The use … and possession of nuclear weapons is immoral.
— Pope Francis.

Get them out of Puget Sound!

Naval Base Kitsap-Bangor, located 20 miles from Seattle, is homeport to the largest concentration of deployed nuclear warheads in the world. The nuclear warheads are deployed on Trident D-5 missiles on submarines and are stored in an underground nuclear weapons storage facility on the base. One Trident submarine carries the destructive force of over 1,200 Hiroshima bombs.

In 2017 Pope Francis denounced the possession of nuclear weapons by the world’s nuclear-armed nations. It was a departure from the Roman Catholic Church’s prior acceptance of the doctrines of nuclear deterrence and mutually assured destruction.

Speaking in Nagasaki, Japan in 2019 the pope said the nuclear arms race wastes resources that could instead improve people’s lives and protect the environment. Speaking in support of the United Nations Treaty on the Prohibition of Nuclear Weapons in 2021, the pope called on all nations and people to “work with determination to promote the conditions necessary for a world without nuclear arms.”

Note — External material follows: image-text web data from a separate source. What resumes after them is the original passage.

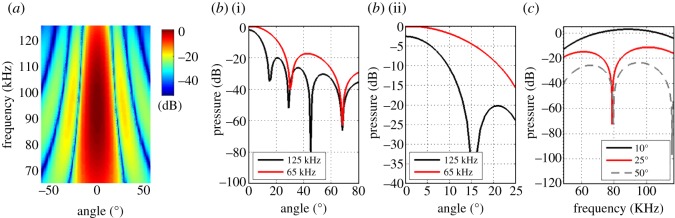 A figure from Object localization using a biosonar beam: how opening your mouth improves localization Localization using a bio-sonar beam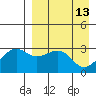 Chernofski Harbor tide chart for Monday, April 13, 2026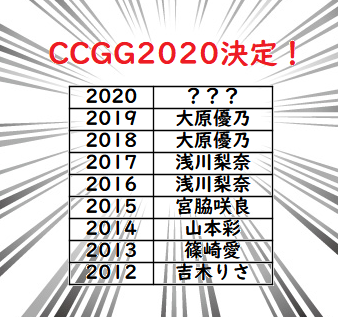 【記事書いた】コミック誌カバーガールグランプリ2020(CCGG2020)決定!ソロ部門は???、グループ部門は??? https://t.co/ltQzKQd1KM という事で今年もグラビア表紙のある漫画誌のまとめ。 コロナの影響もあってグラビア率は下がったけれど、コスプレイヤーの躍進など変化が大きい。 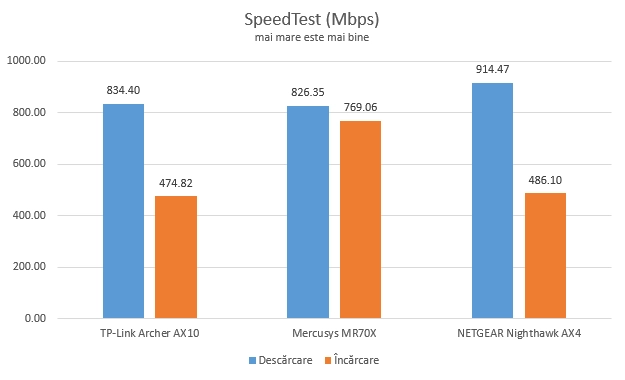 Mercusys MR70X - SpeedTest prin conexiune Ethernet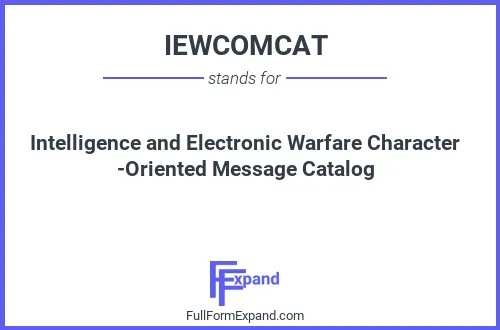 Full form of IEWCOMCAT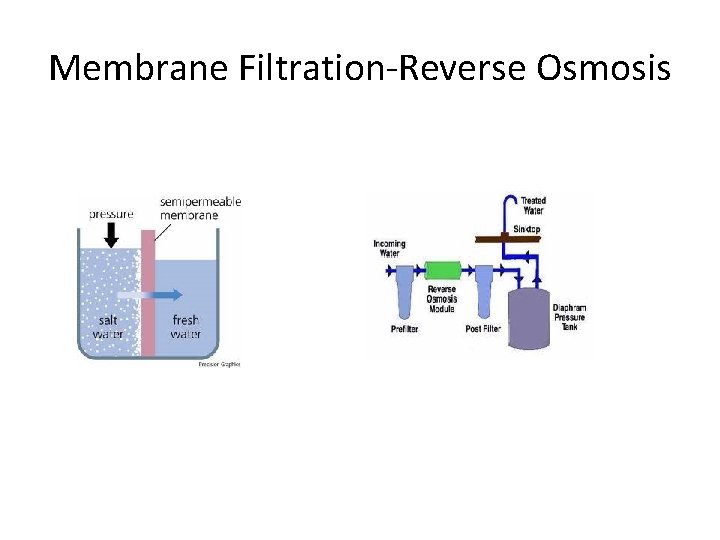 Membrane Filtration-Reverse Osmosis 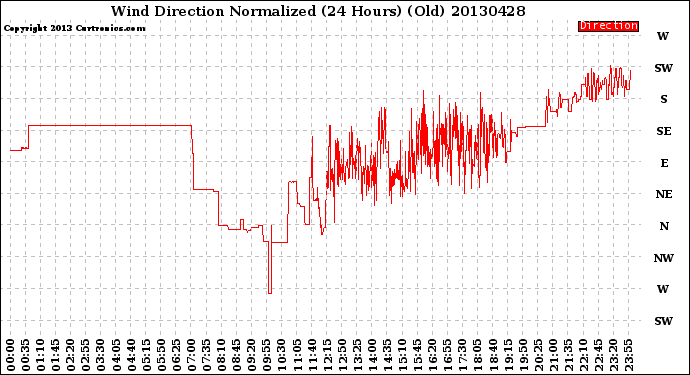 Milwaukee Weather Wind Direction<br>Normalized<br>(24 Hours) (Old)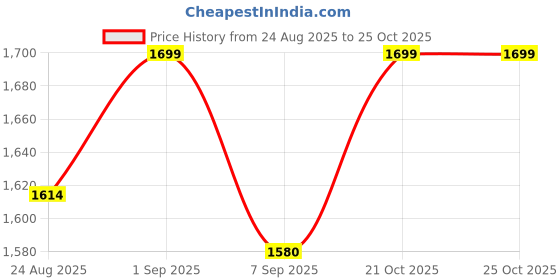 flipkart.com zyomo XXXL Faux Leather Bean Bag Filled with Beans | Ready To Use Teardrop Bean Bag With Bean Filling zyomo Price History Graph from 24 Aug 2025 to 25 Oct 2025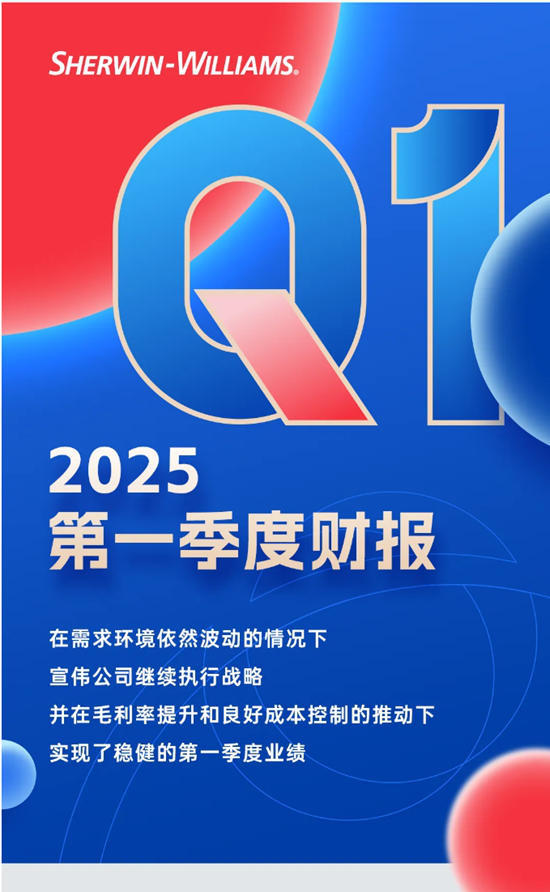 宣伟公布2025年第一季度财报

The Vatican was the first state to sign and ratify the treaty. In August, on the 78th anniversary of the atomic bombing of Nagasaki, the bishops of four Catholic archdioceses in areas impacted by nuclear weapons, issued a formal statement declaring that they will begin working together to achieve a “world without nuclear weapons.” The dioceses include Seattle and Santa Fe, NM, and Hiroshima and Nagasaki in Japan.

In the 1970s and 1980s, thousands demonstrated against nuclear weapons at the Bangor base and hundreds were arrested. Seattle Archbishop Raymond Hunthausen had proclaimed the Bangor submarine base the “Auschwitz of Puget Sound” and in 1982 began to withhold half of his federal taxes in protest of “our nation’s continuing involvement in the race for nuclear arms supremacy.”

In 2016, President Barack Obama became the first sitting US president to visit Hiroshima, where he called for an end to nuclear weapons. He said that the nuclear powers “…must have the courage to escape the logic of fear, and pursue a world without them.” Obama added, “We must change our mindset about war itself.”

There are eight Trident ballistic-missile submarines deployed at Bangor. Six Trident nuclear submarines are deployed on the East Coast at Kings Bay, GA, according to Ground Zero’s press release.